Today there are many more short sales and foreclosures on the market and as a buyer it is important to understand what exactly each of these terms mean.
A “short sale” is a situation in which the seller owes more on the home than it is worth, and does not have the funds to come up with the difference at closing. In North Carolina, the seller must disclose that it is a short sale, and when an offer is made, both buyer and seller must sign a “Short Sale Addendum”. Once an offer is accepted by the seller, the listing agent submits it to the seller’s lender for approval. In rare circumstances this approval can happen quickly, but most often it takes several months, and even then the answer might be “no”. So it is possible to get a good deal on a short sale, but the lower the offer, the less chance that the lender will approve it, because the bank wants to recover as much of their money as possible. If you want certainty about when (or if) you will be able to actually occupy the property, setting your heart on a short sale can be extremely frustrating. The listing agent will try to keep you waiting by giving you hopeful updates, but oftentimes the process drags on indefinitely.
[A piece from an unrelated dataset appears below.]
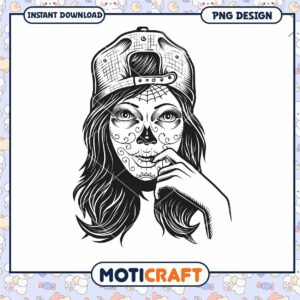 Stylish Skull Woman PNG Design for Instant Download Art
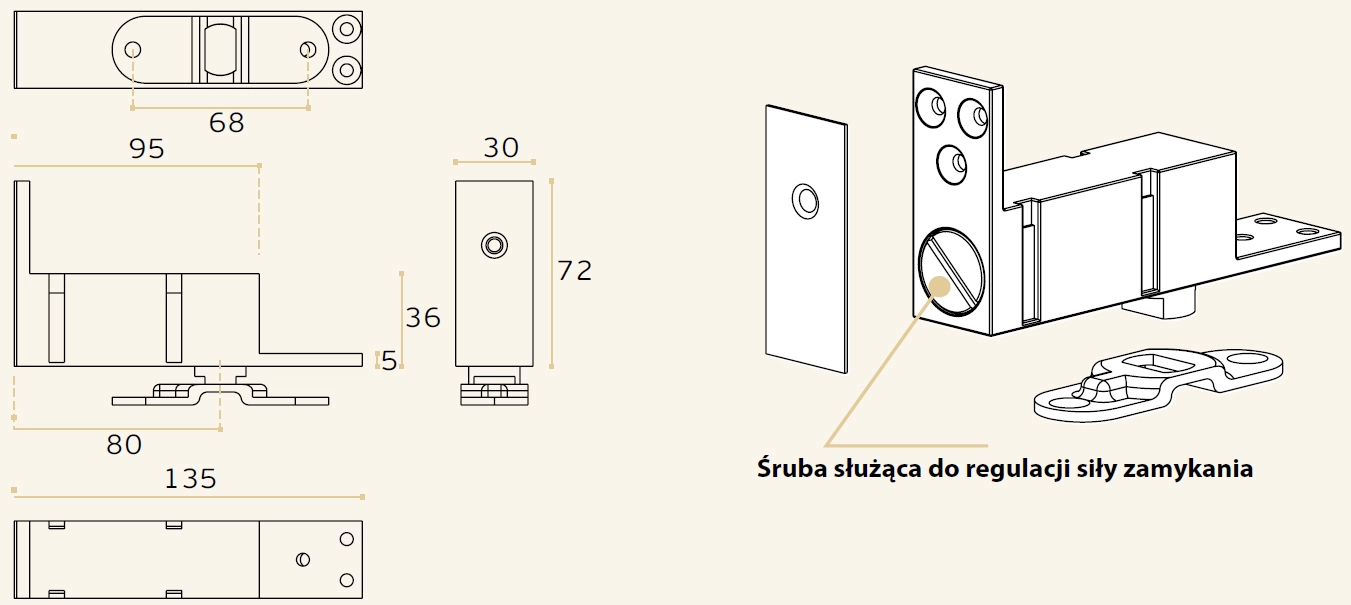 Zawias 05.199 sruba do regulacji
My advice is to make your offer on the short sale property, knowing the addendum allows you to withdraw it at any time before it is accepted, and keep looking for another property. If your original offer gets accepted, you can celebrate. If you find a better property in the meantime, cancel your offer on the short sale property and buy the new one instead.
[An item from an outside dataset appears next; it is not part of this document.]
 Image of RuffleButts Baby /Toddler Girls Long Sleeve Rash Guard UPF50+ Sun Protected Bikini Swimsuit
If a homeowner stops making mortgage payments, the bank will eventually foreclose on the property, taking ownership and listing it for sale with a real estate agent. At the beginning, the bank will price the property high, hoping to recover the amount owed. Then the bank will drop the price substantially every few months until it sells. The strategy is to understand the value of the property (see below) and make offers at or below that value regardless of the current list price. The bank will either accept the offer or say “no” (they rarely counter). If they say “no”, make another offer. Recently we submitted a $760,000 offer on a home listed at $850,000. The bank said “no”. We made another offer at $761,000, and the bank accepted it. You just need to get lucky by making the offer at the right time, when the bank has just reduced the list price or is about to. Since you do not know when that will be, just keep making offers.